Palestinian prisoner Samer al-Issawi, who held a hunger strike for several months, flashes the “V” for victory sign as he celebrates his release from an Israeli jail in the Jerusalem neighbourhood of Issawiya, on December 23 2013.

One can only imagine the looks on the faces of Israeli settlers living in Masharef Mountain, near the Hebrew University that overlooks Issawiya, as they watched the celebrations welcoming back Palestinian prisoner Samer al-Issawi.
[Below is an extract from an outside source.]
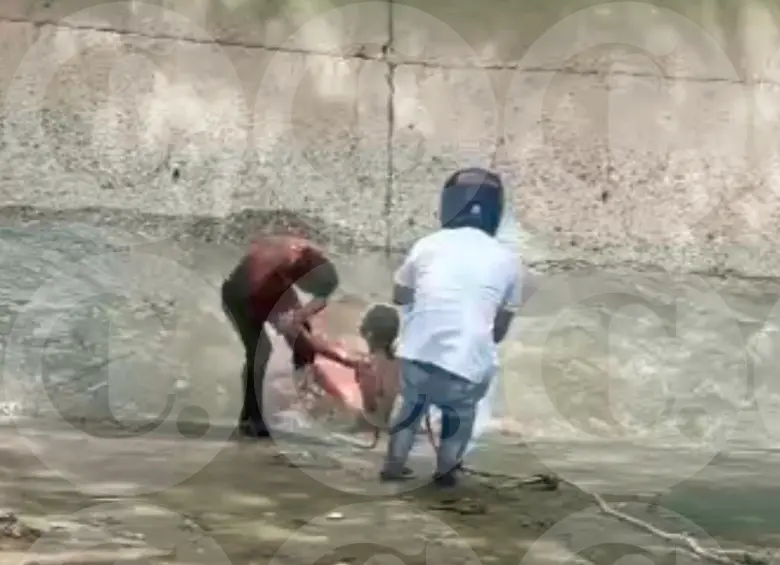 La comunidad participó en el rescate de la mujer quemada dentro de un cambuche en el Barrio Antioquia de la corriente de la quebrada La Guayabala, para luego trasladarla a la Cruz Roja. FOTO: Cortesía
Issawi returned victorious to his village despite Israel’s desperate attempts to ban celebrations. The occupation forces delayed his release for about 10 hours last Monday, December 23, and erected military checkpoints near the village, but young men and Palestinian mothers insisted on welcoming their hero.

Following his nine-month hunger strike amid the “battle of the empty stomachs,” Issawi was released along with 1,026 other Palestinians in an exchange for the return of Israeli soldier Gilad Shalit.He wished to remain loyal to those who lost their lives while planning and conducting the Shalit kidnapping, and didn’t want the Israelis to arrest the liberated prisoners all over again, forcing them to serve the rest of their sentences.

From the first intifada until the mid-1990s, Issawi, born 1979, resisted Israeli occupation by setting settler cars of fire and throwing Molotov cocktails. He told Al-Akhbar that he was careful not to be arrested because he wanted to support his family, since his four brothers – Raafat, Medhat, Firas, and Fadi – were held by the Israelis. But all that changed when his brother Fadi was killed in clashes that erupted in Issawiya, following the Hebron massacre in 1994.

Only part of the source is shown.